LINE IN THE SAND: Alex Gibney's powerful Taxi to the Dark Side received "Best Documentary" honors, but left Manhattan without a distributor. (CLICK IMAGE FOR LARGER VERSION) |
Eighteen bucks a ticket. Going into this year's Tribeca Film Festival, all anyone was talking about was the 50 percent admission increase, which left the six-year-old event a cut above most major gatherings of its kind. In a talk before the festival, director Peter Scarlet compared staging a film festival to other forms of pricey public art. "People don't realize what it costs to put on a film festival in New York City," he said. "They don't think twice about paying for grand opera."
This year had its operatic moments, notably the screenings of Passio, Paolo Cherchi Usai's silent tribute to cinema's first century, in the Cathedral of St. John the Divine. With live accompaniment by the Trinity Choir, it was the sort of once-in-a-lifetime event for which most cinema-goers would gladly chip in a little extra. But at most screenings, the price hike meant nothing more than an increase in the minimum bet, which, given the festival's size and omnivorous tastes, was often far from a sure thing.
Of course, there's no putting a price on great art, especially when it might not come around again. Alex Gibney's Taxi to the Dark Side, which took the festival's documentary prize, seems a surefire candidate for national release. But as of yet, no distributor has taken the plunge, and the film's subject matter makes waiting to see it an unaffordable luxury. It's not the first film to ponder abuses committed by American soldiers, but it's the most comprehensive, and, so far, the best.
Jumping off from the case of Dilawar, a 22-year-old cabbie who was beaten to death in a U.S.-run prison in Afghanistan, Taxi systematically dismantles the notion that such acts can be seen as isolated aberrations. Rather, Gibney sees the soldiers' behavior as the inevitable result of an official policy that pays lip service to human rights while deliberately resisting any attempt to codify them. The lack of moral leadership combined with the intense pressure of combat creates a scenario in which abuse is all but guaranteed. As one former soldier puts it, "You put people in a crazy place, they'll do crazy things."

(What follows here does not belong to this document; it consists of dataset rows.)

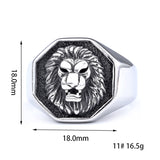 DM-Ring-12201 Octagon Lion Ring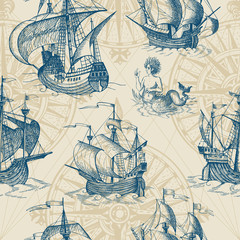 Old caravel, vintage sailboat, sea monster. Vector seamless pattern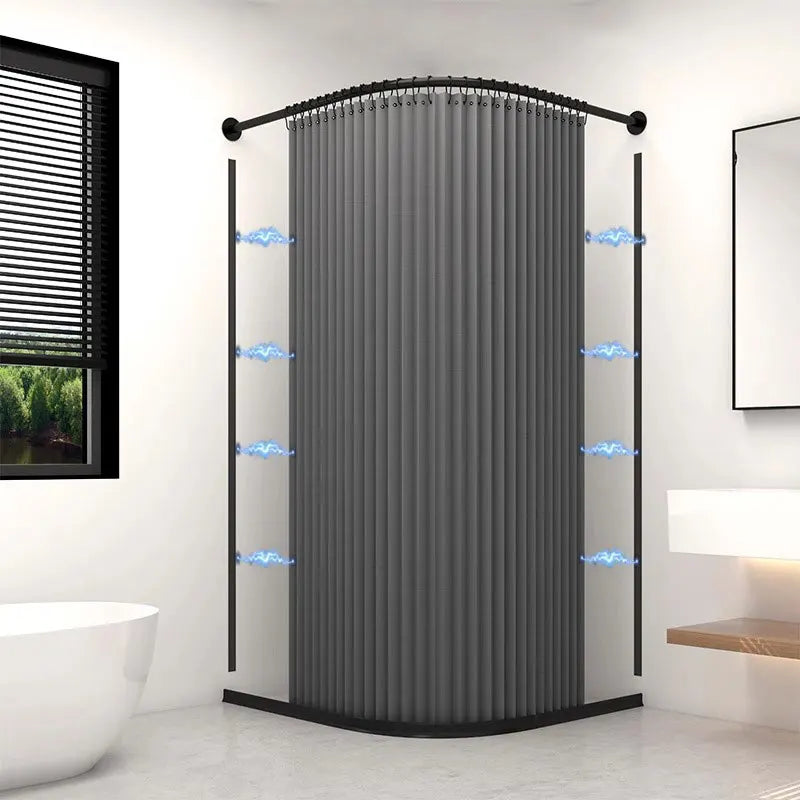Foldable Retractable Shower Curtain, Waterproof Bath Screen, Space Saving Folding Partition for Small Tub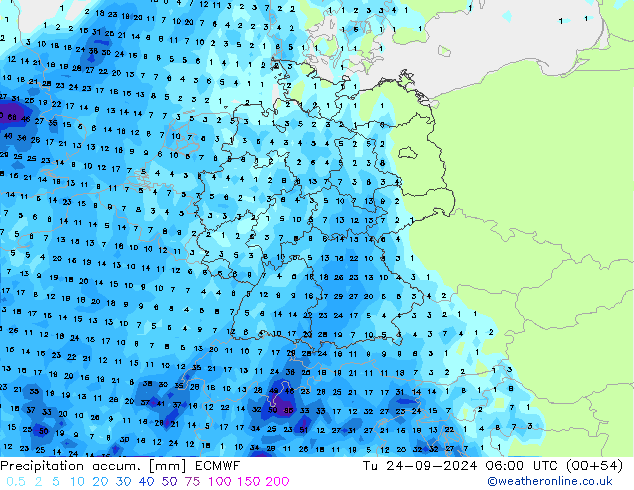 Precipitation accum. ECMWF 星期二 24.09.2024 06 UTC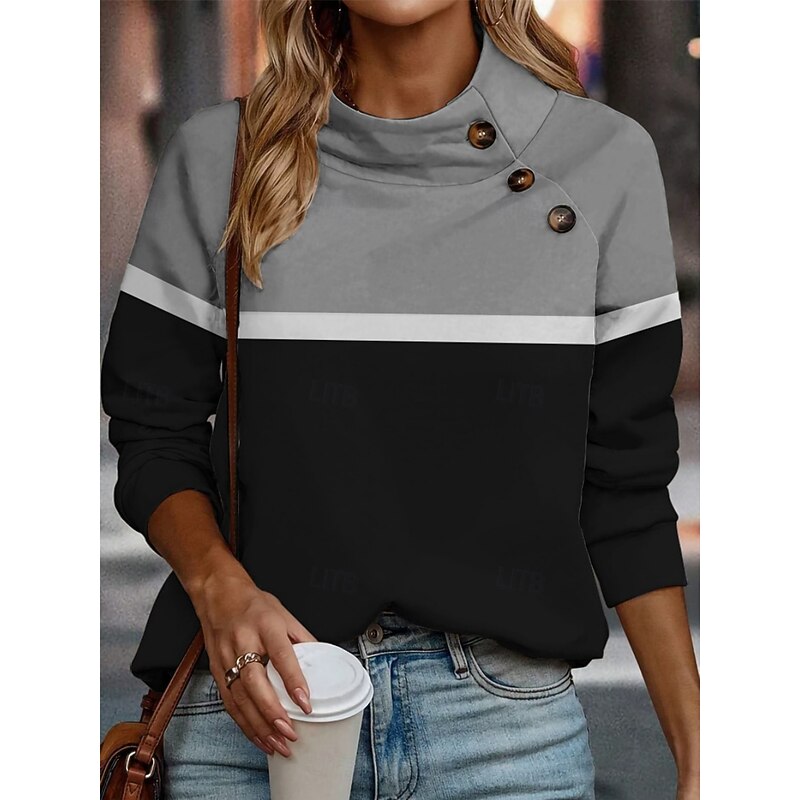 Women's Blouse Color Block Daily Stylish Long Sleeve High Neck Regular Tops Daily Holiday Buttons Print Light Green Pink Blue Apricot Gray Summer Spring Fall2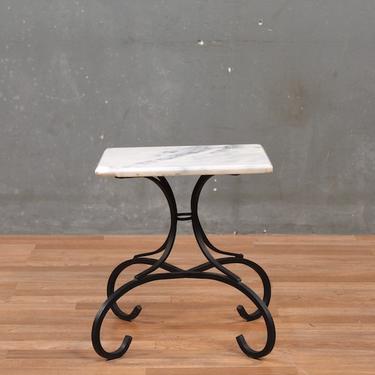 Petite Marble &amp; Curled Iron Side Table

The latest from critical favorite Jia Zhang-ke, Still Life is a dazzling addition to a series of films contemplating the state of contemporary China. Shot in crystalline high-def, the movie tracks the progress of two lost souls through the rapidly altering landscape of Fengje, a town that has literally been swallowed up by progress. A coal miner searching for his long-lost wife arrives to find that their home is underwater, flooded as part of the construction of the Three Gorges Dam, a structure so massive it obviates any need for special effects (although Jia, evidently unwilling to be pigeonholed as a social realist, provides a few all the same).
Tribeca's organizers style the festival as the biggest of big tents, able to accommodate the premiere of Spider-Man 3 and the rarest art-house gems. So it's fitting that the four-hour Marlon Brando documentary was matched by an equally generous portrait of a far less well-known individual: 1960s filmmaker Peter Whitehead. Paul Cronin's capacious overview could easily be called self-indulgent: Whitehead is hardly a prominent figure. But the film clearly aspires to more than standard biography, especially given that half of its considerable length is devoted to Whitehead's life after he gave up film for painting and assorted other methods of truth-seeking.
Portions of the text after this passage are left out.